Hier kommen Irans sogenannte Stellvertreter ins Spiel. Das sind schiitisch-muslimische Organisationen, die der Iran finanziell, militärisch, logistisch und selbst geistig zu einem gewissen Grad unterstützt. Dazu gehören die Huthi-Rebellen im Jemen, die Allianz überwiegend schiitischer Milizen im Irak sowie der politische und der militärische Arm der Hisbollah im Libanon. Auch die Hamas zählt dazu - auch wenn sie, wie die Mehrheit der Palästinenser, überwiegend aus Sunniten besteht.
Diese Gruppen haben sich an dem Angriff an diesem Wochenende beteiligt - sie feuerten Raketen aus dem Jemen, dem Irak und aus Syrien auf Israel.

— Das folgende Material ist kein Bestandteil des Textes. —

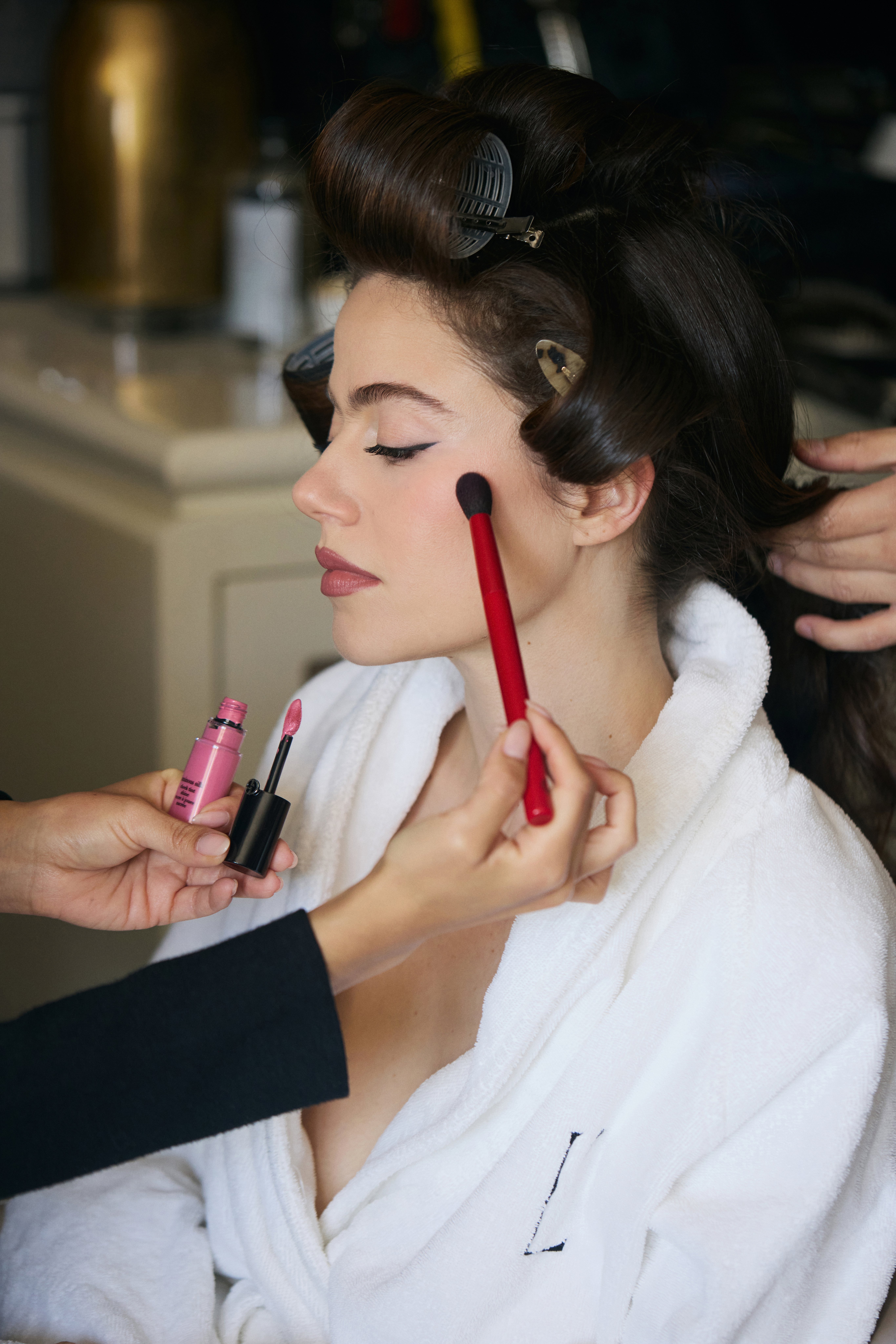 molly gordon gets armani beauty applied and has her hair done in curlers while getting ready for the 2025 emmys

Im Irak wiederum soll das dort stationierte US-Militär unbestätigten Berichten zufolge einige der abgefeuerten Raketen abgeschossen haben. Ob die Saudis Geschosse aus dem Jemen abgefangen haben, ist nicht ganz klar - anders als im vergangenen Jahr, als sie Huthi-Raketen unschädlich gemacht haben.
"Regionale Akteure - vor allem Saudi-Arabien und Jordanien, die mutmaßlich iranische Drohnen abgefangen haben - werden argumentieren, dass sie ihren eigenen Luftraum schützen mussten", betont Masoud Mostajabi, Direktor des Nahostprogramms beim US-amerikanischen Thinktank Atlantic Council, in einer aktuellen Analyse. "Sollten diese Angriffe sich aber zu einem größeren Israel-Iran-Konflikt ausweiten, könnten Staaten in der Region, die als Verteidiger Israels gelten, zur Zielscheibe werden und in einen regionalen Flächenbrand hineingezogen werden." Seine Schlussfolgerung: "Dass so viel auf dem Spiel steht, könnte sie anspornen, zwischen den Kontrahenten zu vermitteln, um die Konfrontation zu beenden."
Dieser Artikel wurde aus dem Englischen adaptiert.